Sur cette pensée, je m’endors et je rêve. Je suis à Cannes, vêtue d’une belle robe dorée à la longue traîne. Je rayonne sur le tapis rouge, comme l’étoile au sommet d’un sapin. L’instant d’après, je suis couverte de poussière et je passe l’aspirateur sur le fameux tapis vermillon. Je le vois s’étendre à l’infini face à mon désarroi. Car oui, je comprends que jamais je n’en finirai d’aspirer ces gros moutons de poussière qui s’accumulent tout autour de moi. Les marches de velours iconiques s’éloignent et deviennent inaccessibles comme la ligne de l’horizon posée sur la mer, plus je tente de m’en approcher, plus elles reculent. Je me sens soudain poussiéreuse, comme un livre oublié dans une bibliothèque. Je retourne l’aspirateur vers moi, et en un clin d’œil, le souffleur m’aspire, comme un simple mouton de poussière.
Je me réveille. Je sors de mon lit avec l’envie de noter ce rêve, mais je ne trouve ni feuille ni stylo. Comment est-ce possible? Agacée, je fouille partout jusqu’à mettre la main sur un vieux carnet et un stylo quatre couleurs mâchouillé. J’ouvre le carnet et y retranscris mon rêve avec le plus de détails possible.

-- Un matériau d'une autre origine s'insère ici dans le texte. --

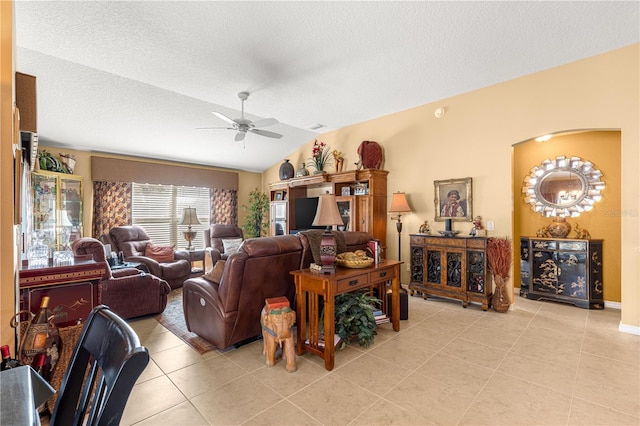 tiled living room featuring ceiling fan, lofted ceiling, and a textured ceiling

Je rêve de monter sur scène, de cinéma et de célébrité depuis mes quatorze ans. Aujourd’hui est un autre jour et je ne peux pas tout laisser tomber comme ça. Mais pourquoi continuer? Je prends du recul: ce monde n’est pas fait pour moi, c’est évident. J’ai même essayé le stand-up et par-delà le côté grisant de la chose, je suis fatiguée d’attendre des heures dans une “loge”, (si tant est qu’on puisse appeler loge un coin de deux mètres carrés près des toilettes), sombre et froide pour jouer trois minutes devant des gens venus davantage pour profiter de la bière tiède à moitié prix que pour découvrir de nouveaux talents comiques.
Même le simple geste gratuit de s’abonner à un compte Instagram est devenu un luxe que seuls ceux qui ont déjà des milliers d’abonnés peuvent s’offrir.
Approchée par moments par certains grands noms du métier, qui me conseillent de jouer dans des scènes ouvertes parisiennes pour percer, je découvre que la liste d’attente pour y jouer est de trois ans. Une fois n’est pas coutume, je profite d’une bonne entente avec un humoriste qui a le vent en poupe pour monter sur la scène d’un des fameux comedy clubs parisiens en vogue.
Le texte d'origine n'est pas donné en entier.